In the Email tab, you can control how the OTP code is generated. As your emails may be delivered to mobile clients as well as desktops, it might be a good idea to set Symbol Chars to 0 to remove the difficulty of entering these characters from a mobile keyboard. You can set a minimum number of Digits, Lowercase, Uppercase and Symbol characters as well as defining which symbols can be used and the OTP length that is generated.
Click Apply to save the changes, then Save on the Update Flow page to save the new configuration.
2. Altering the text of the OTP Message Template (optional)
The message sent via One Time Password is configured via a Message Template. You may wish to alter the text of the message that will be delivered to your users.
To do this, navigate to Messages and edit the existing Message Template named One Time Password Generated.
Here you can alter the Subject and the Body of the email, but ensure you leave in the ${password} attribute as this is replaced with the user's unique OTP at the time of sending.
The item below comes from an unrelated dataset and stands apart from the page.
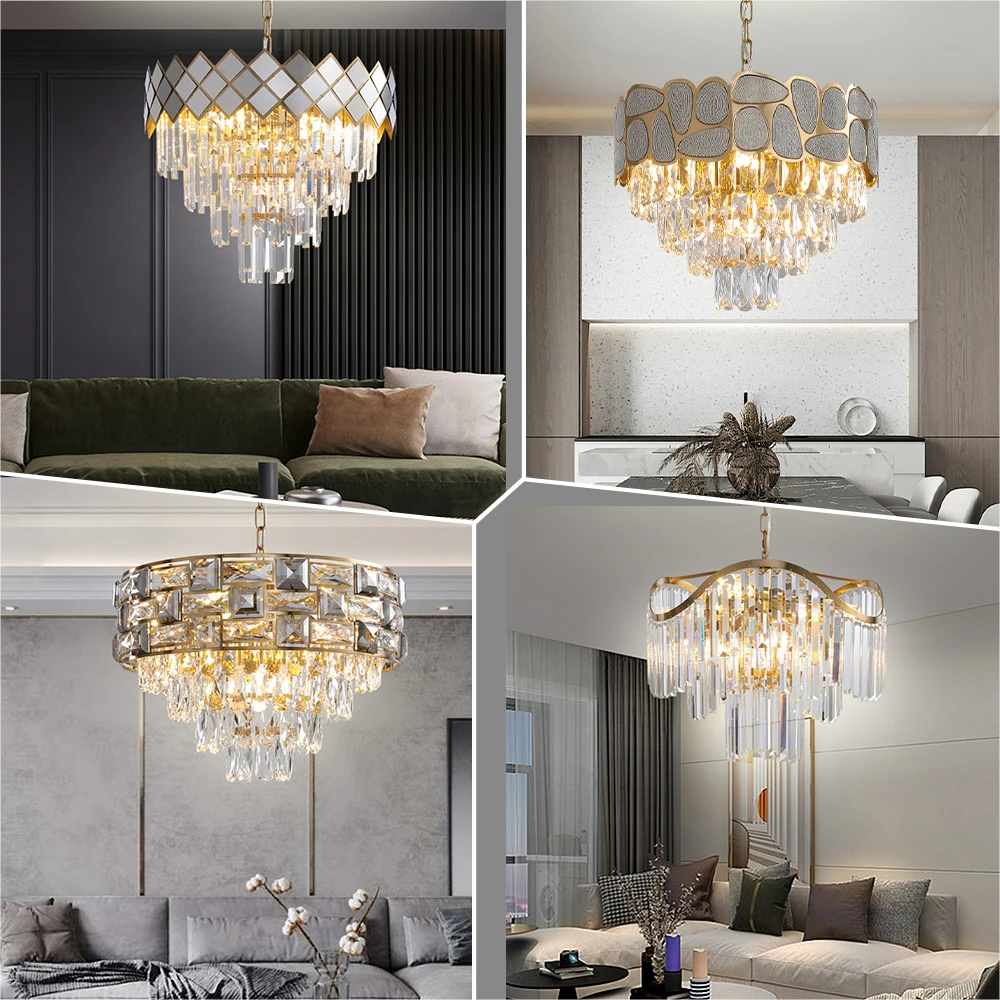 Modern Elegant Hotel Living Room Mini Chrome Flush Mount Round K9 Crystal Chandeliers Ceiling Lamp Light Fixtures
You may also set a HTML body for the email too if desired.
In the Options tab, read receipts can be turned on if required with the Track option. In the Delivery tab, Deliver To is set to PRIMARY by default. This will send the OTP to the email address on the user's account. If you have chosen to add alternative emails stored in LogonBox only, you could choose here to change this to SECONDARY or ALL. Save the changes by clicking Save.
3. Testing
Let’s perform an example Reset Password action to ensure this is now working. On the main portal page, click Reset Password.
The next screen then prompts for the Username as expected. Type in the username and click Next.
The user will now get the prompt to enter the OTP which is now emailed to them.
The One Time Password should be delivered to your email account.
After entering the One Time Password, you are then prompted to change your password.